(Dataset entries)

━━━━━━━━━━━━━━━━━━━━

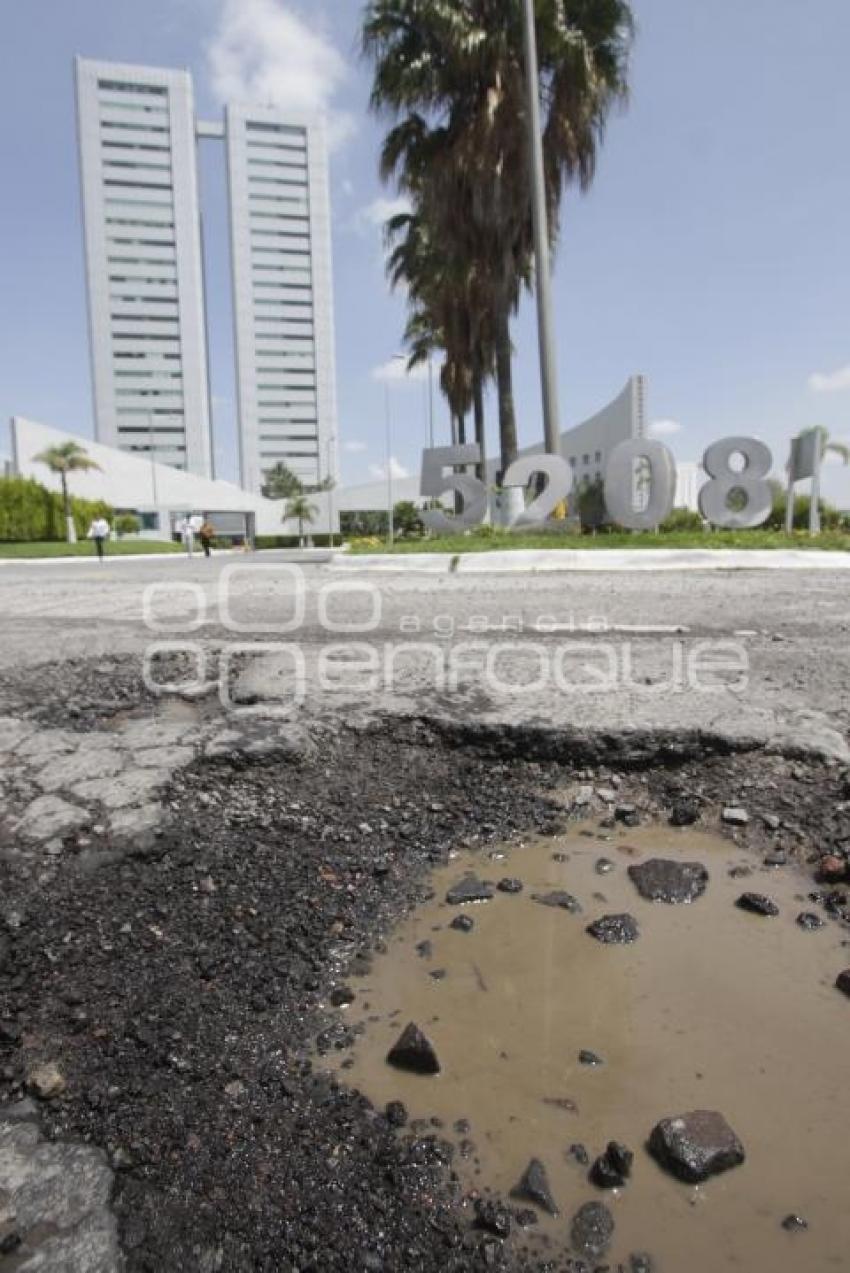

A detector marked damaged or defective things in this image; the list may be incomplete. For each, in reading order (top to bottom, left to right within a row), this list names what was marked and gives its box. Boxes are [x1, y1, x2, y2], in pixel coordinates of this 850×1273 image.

large pothole [324, 820, 848, 1264]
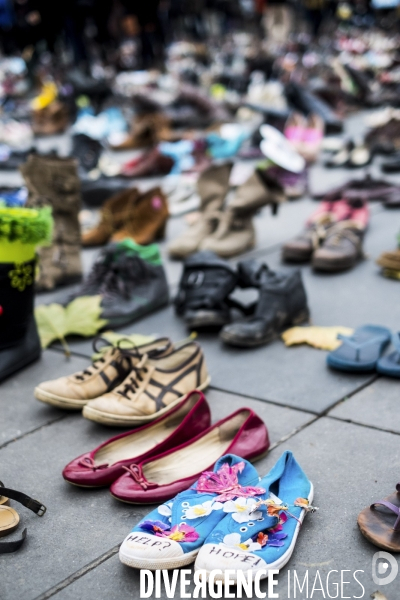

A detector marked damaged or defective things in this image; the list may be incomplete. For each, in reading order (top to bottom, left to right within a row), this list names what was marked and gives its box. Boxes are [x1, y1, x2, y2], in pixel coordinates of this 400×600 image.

pavement crack [33, 544, 119, 600]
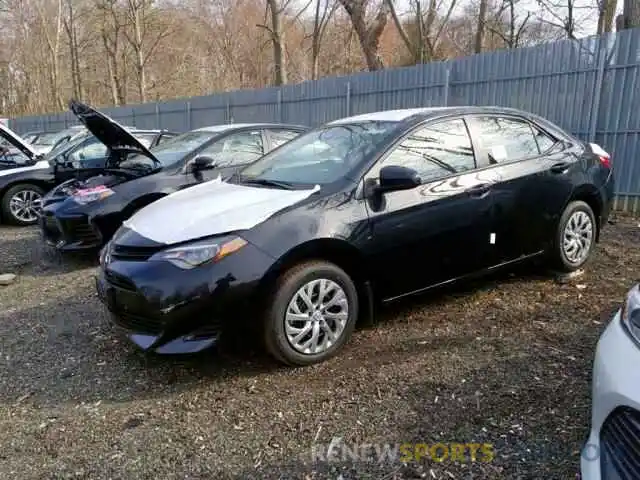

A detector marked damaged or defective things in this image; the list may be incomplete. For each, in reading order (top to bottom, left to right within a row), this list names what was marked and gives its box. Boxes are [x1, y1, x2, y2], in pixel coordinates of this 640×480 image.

damaged hood [0, 123, 38, 162]
damaged hood [69, 98, 160, 167]
damaged hood [123, 176, 320, 244]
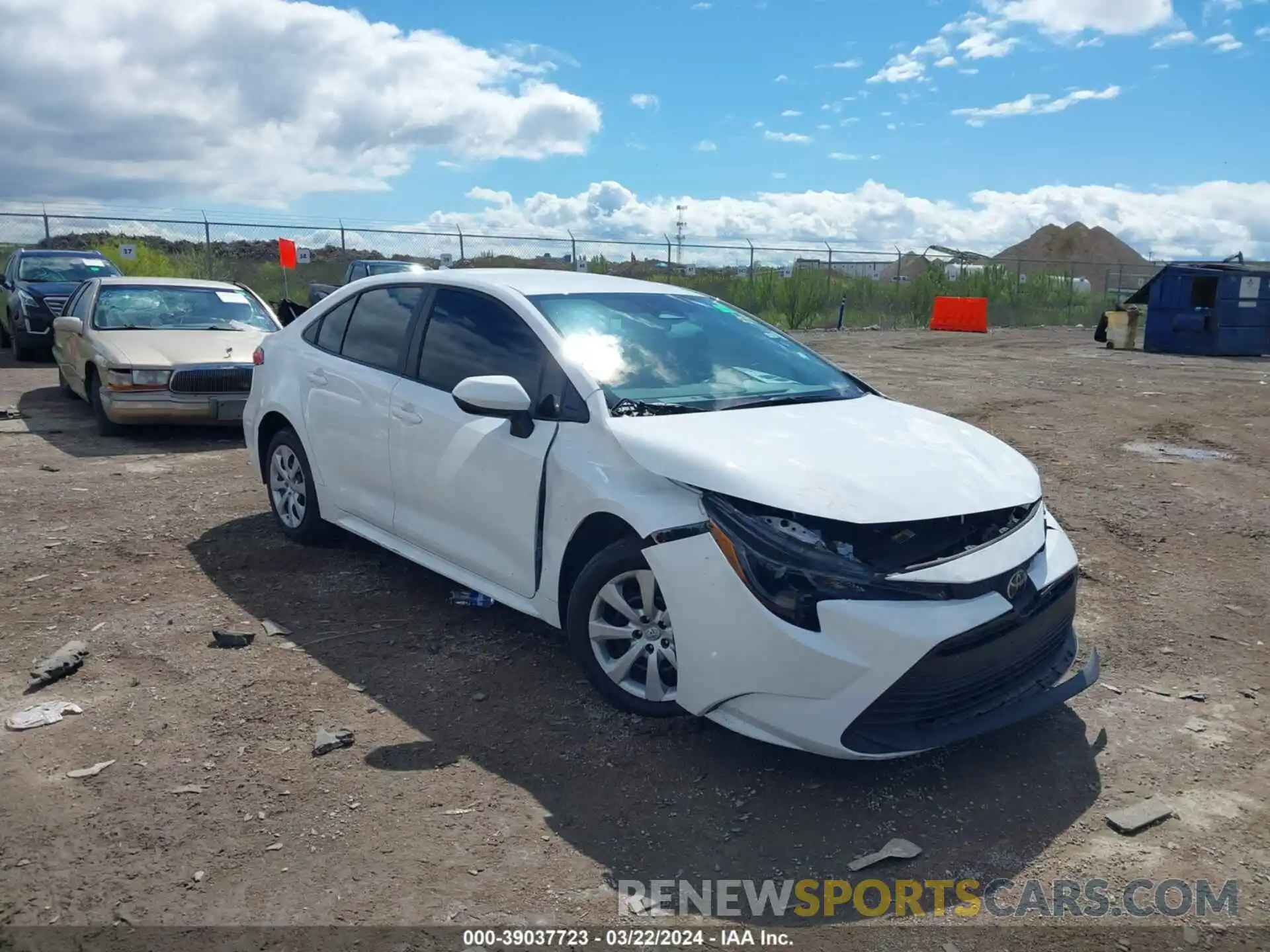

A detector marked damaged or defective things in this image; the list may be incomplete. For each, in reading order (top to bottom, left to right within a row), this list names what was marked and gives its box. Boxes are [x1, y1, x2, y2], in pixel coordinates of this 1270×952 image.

abandoned beige sedan [52, 278, 280, 436]
crushed hood [101, 331, 273, 368]
damaged white toyota corolla [243, 267, 1095, 756]
shattered headlight [698, 492, 937, 632]
crushed hood [614, 397, 1042, 529]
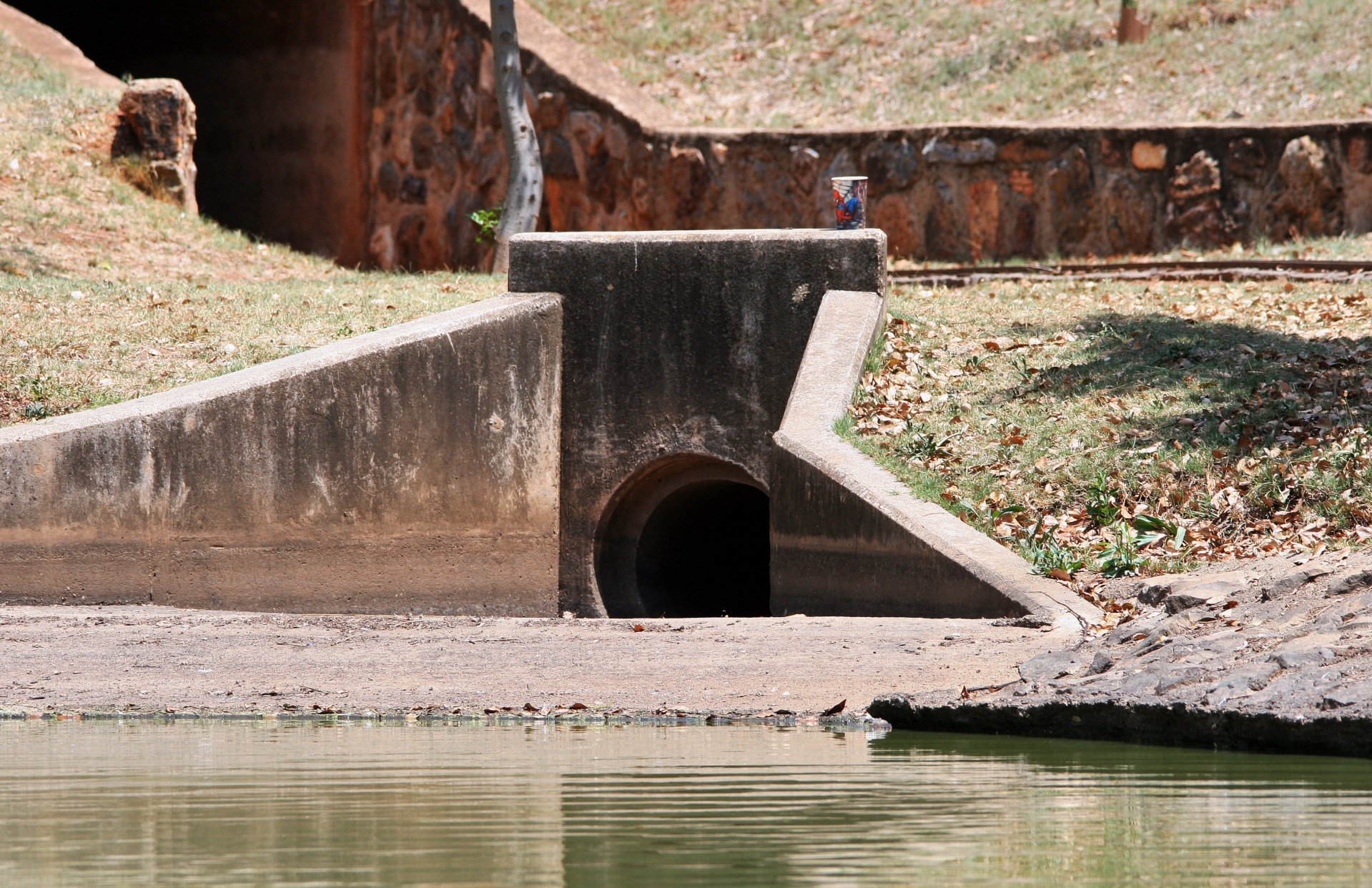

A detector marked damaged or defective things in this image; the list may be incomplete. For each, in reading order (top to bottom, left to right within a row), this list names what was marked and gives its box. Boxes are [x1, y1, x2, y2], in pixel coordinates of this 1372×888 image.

rusty metal rail [889, 259, 1372, 287]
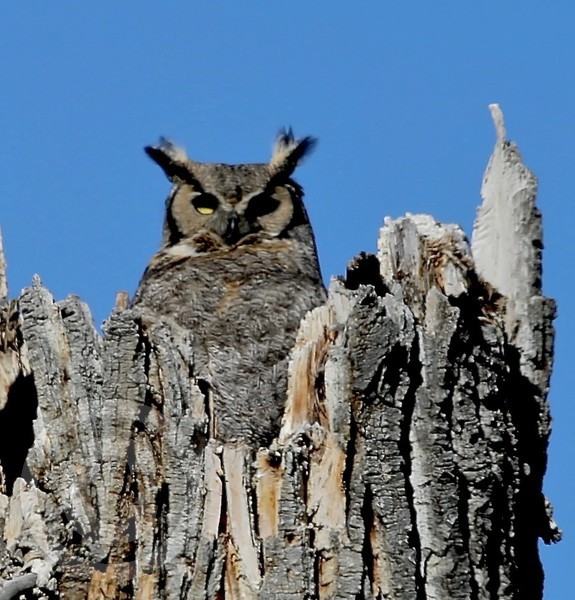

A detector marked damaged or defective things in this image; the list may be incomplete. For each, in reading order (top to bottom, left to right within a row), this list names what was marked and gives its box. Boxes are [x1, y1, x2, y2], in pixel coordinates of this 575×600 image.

splintered wood [0, 105, 560, 596]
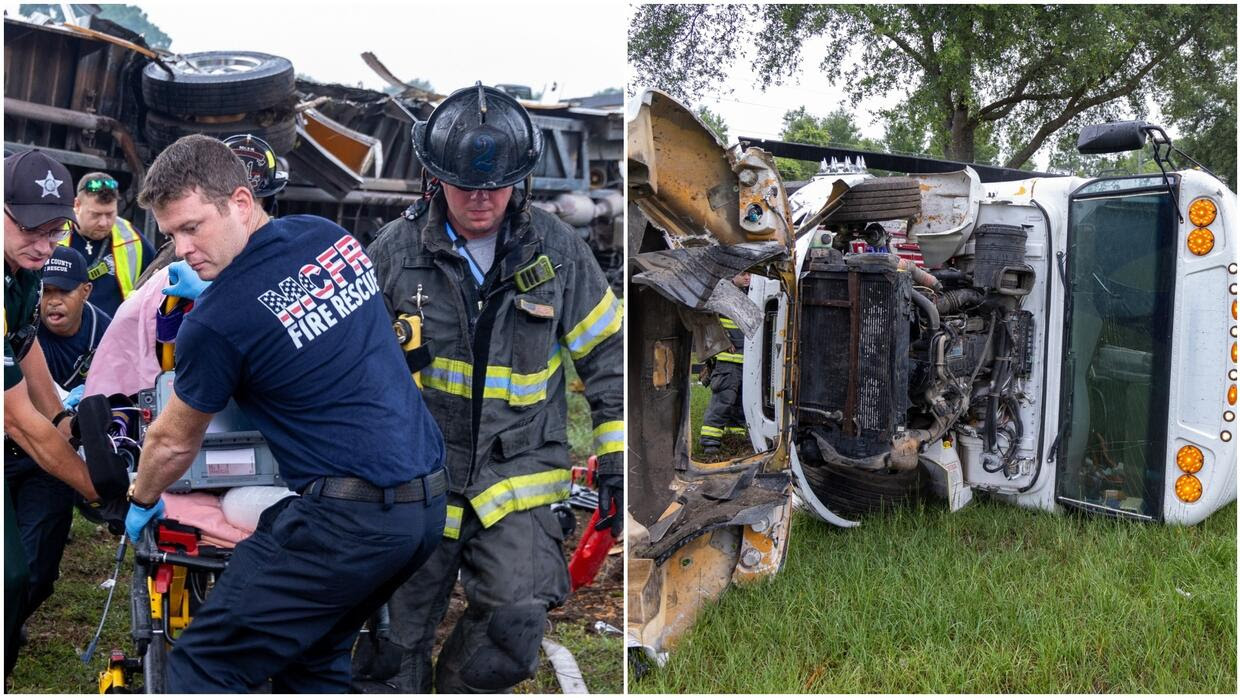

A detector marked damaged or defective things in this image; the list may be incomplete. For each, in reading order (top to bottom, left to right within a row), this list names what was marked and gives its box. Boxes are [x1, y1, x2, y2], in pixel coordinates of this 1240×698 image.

overturned bus [624, 89, 1232, 660]
crushed vehicle [624, 89, 1232, 668]
overturned truck [628, 89, 1240, 660]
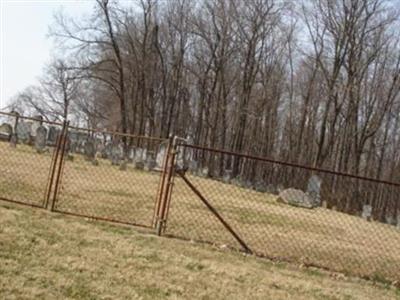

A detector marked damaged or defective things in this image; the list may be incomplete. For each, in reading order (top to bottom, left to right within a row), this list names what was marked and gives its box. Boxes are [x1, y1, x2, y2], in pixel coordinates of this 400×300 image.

rusty fence post [155, 136, 177, 237]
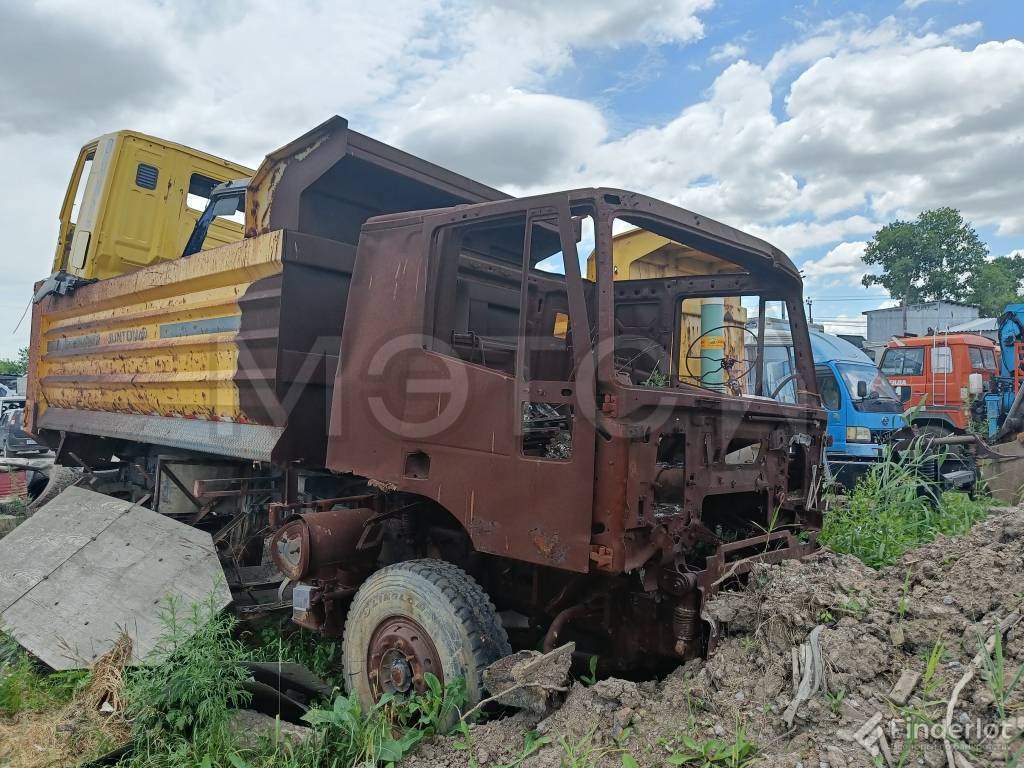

━━━━━━━━━━━━━━━━━━━━

### [PROBLEM]
The expected output is an exact copy of the lines from the one with "this 1240×698 image." to the final line of the entries above, pictures excepted; please include both ends.

### [THE ANSWER]
A detector marked damaged or defective things in this image; the list may be incomplete. For each, in reading order (top to bottom, left to right within a row), this list names what was marked and gives its box. Boxes are [x1, y1, x2, y2], in pixel coordinates of this 1240×698 image.

overturned bus [624, 89, 1232, 660]
crushed vehicle [624, 89, 1232, 668]
overturned truck [628, 89, 1240, 660]

A detector marked damaged or defective things in this image; the list may be incomplete. For each, in reading order (top to bottom, left to right within a row), this list names what was marked and gives its box. Boxes are [x1, y1, x2, y2], in pixel coordinates of this 400×300 image.

rusty fence post [155, 136, 177, 237]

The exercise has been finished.